The mysterious m_UserToken has a pointer to an object somewhere on the heap.  Dumping out the address might hold a clue to how the SocketEventArgs could encapsulate a callback to user code.

image

Success!  Now things are beginning to take shape.  The object in question is a DoubleTake.Gateway.Server+ConnectSocketResult.  The + indicates that the ConnectSocketResult class is nested inside of DoubleTake.Gateway.Server.  DoubleTake.Gateway.dll is a middleware library which does a lot of raw socket operations.  However, since it is middleware and reasonably well-tested, it’s not likely to be the source of the errors at hand.  Far more likely is that someone up the chain is using it incorrectly.  Happily, the ConnectSocketResult has an AsyncCallback which can be examined to determine exactly which method is the callback for this async I/O.

Notice above the underlined _target field of AsyncCallback.  Dumping this object will give half the picture, namely the target object: GatewayClientController, but not the method.  To get the actual method requires a little more work.
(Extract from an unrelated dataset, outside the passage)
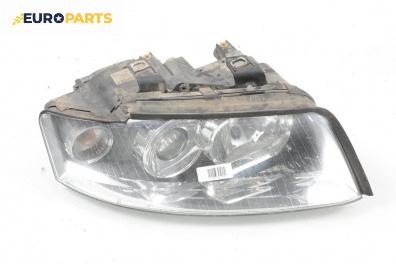 Фар за Audi A4 Sedan B6 (11.2000 - 12.2004), седан, позиция: дясна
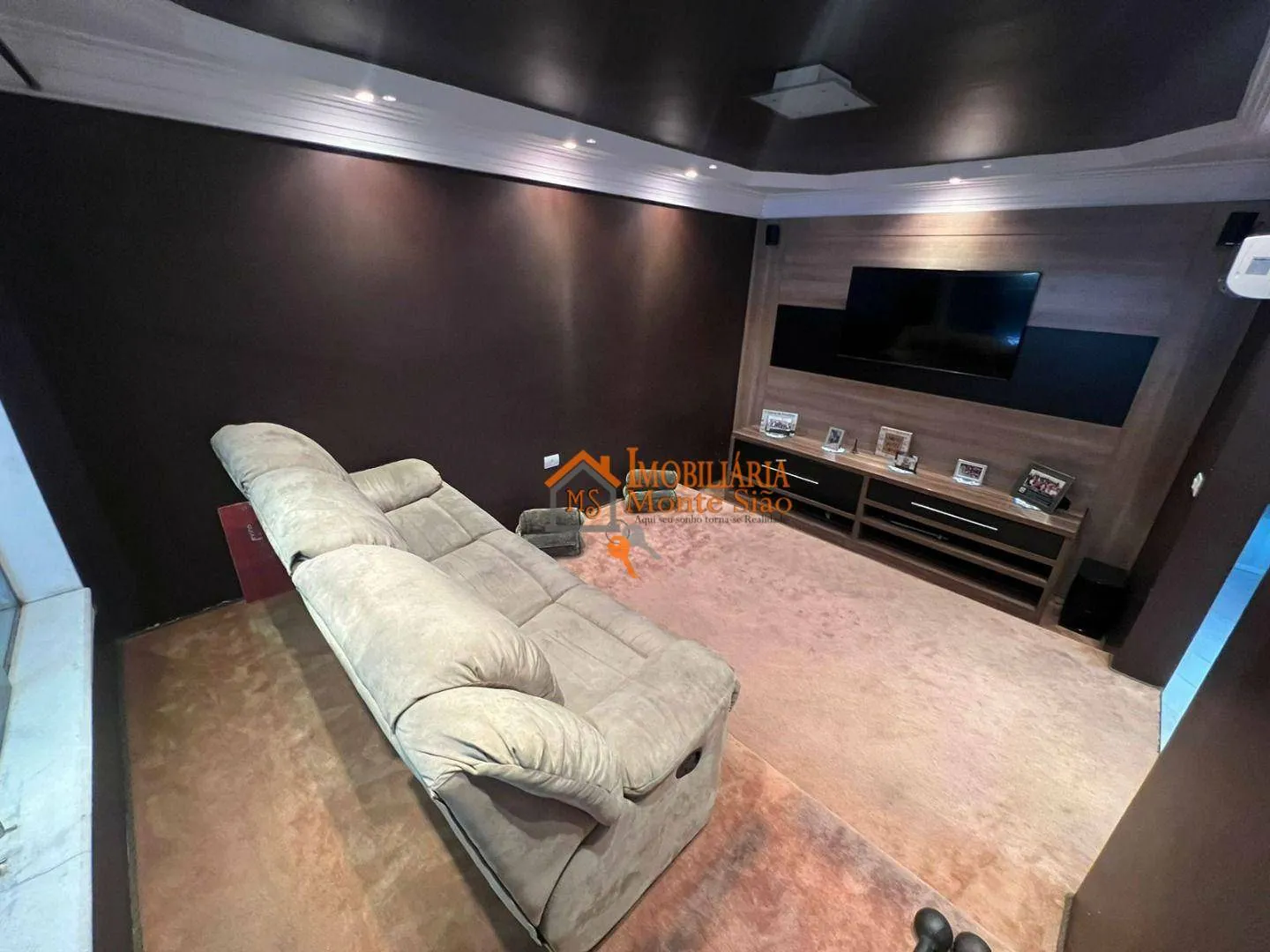 Imagem Casa com 4 dormitórios à venda, 240 m² por R$ 899.000,00 - Jardim Bela Vista - Guarulhos/SP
The _methodPtr field on the AsyncCallback is simply an IntPtr to somewhere in memory.  This is probably extremely efficient for the CLR but not very helpful when debugging a crash dump.

image

The name of field gives a clue that this IntPtr is likely pointing to a method.  SOS has a !u command for disassembling a managed method at a given address.  Using it could yield some useful information.

image

It turns out that the method at 11f66c8 is not even managed code!  That’s not going to help, itself, but can’t be too far from our target.  It’s probably a stub created by the JIT compiler.  If so, then it likely calls another method which is managed.  Happily, the very first assembly command is to jump to another memory location: 012547b8.  Feeding that method address to !u results in something much more interesting:

image

Another way to get the same information is to dump the method table for the _target object’s type (GatewayClientController) via !dumpmt -md:

image

The method address from the stub appears in the Entry column of the method table and identifies the callback in question,

image

The chain is finally complete.  From leaked threads to socket event args to async callbacks all the way up to the offending user code.  A quick search of the codebase yields the location of the BeginXXX call that started all the trouble.  After reviewing the code it becomes clear that under certain circumstances it would fail to call EndXXX on the returned AsyncResult.  By not calling EndXXX the code would leaking resources and fragmenting memory because the framework was unable to unpin and collect all the buffers it was creating to hold the socket data.

Friday, March 30, 2012

Debugging a Managed Thread Leak

Wherein we identify the culprit behind a resource leak of hundreds of uncollected, dead threads.

The following issue presented itself in as an unusually high GUI memory footprint on a QA machine.  Things were beginning to flake out in seemingly random ways, so, naturally QA got a memory dump and delivered it to development for investigation.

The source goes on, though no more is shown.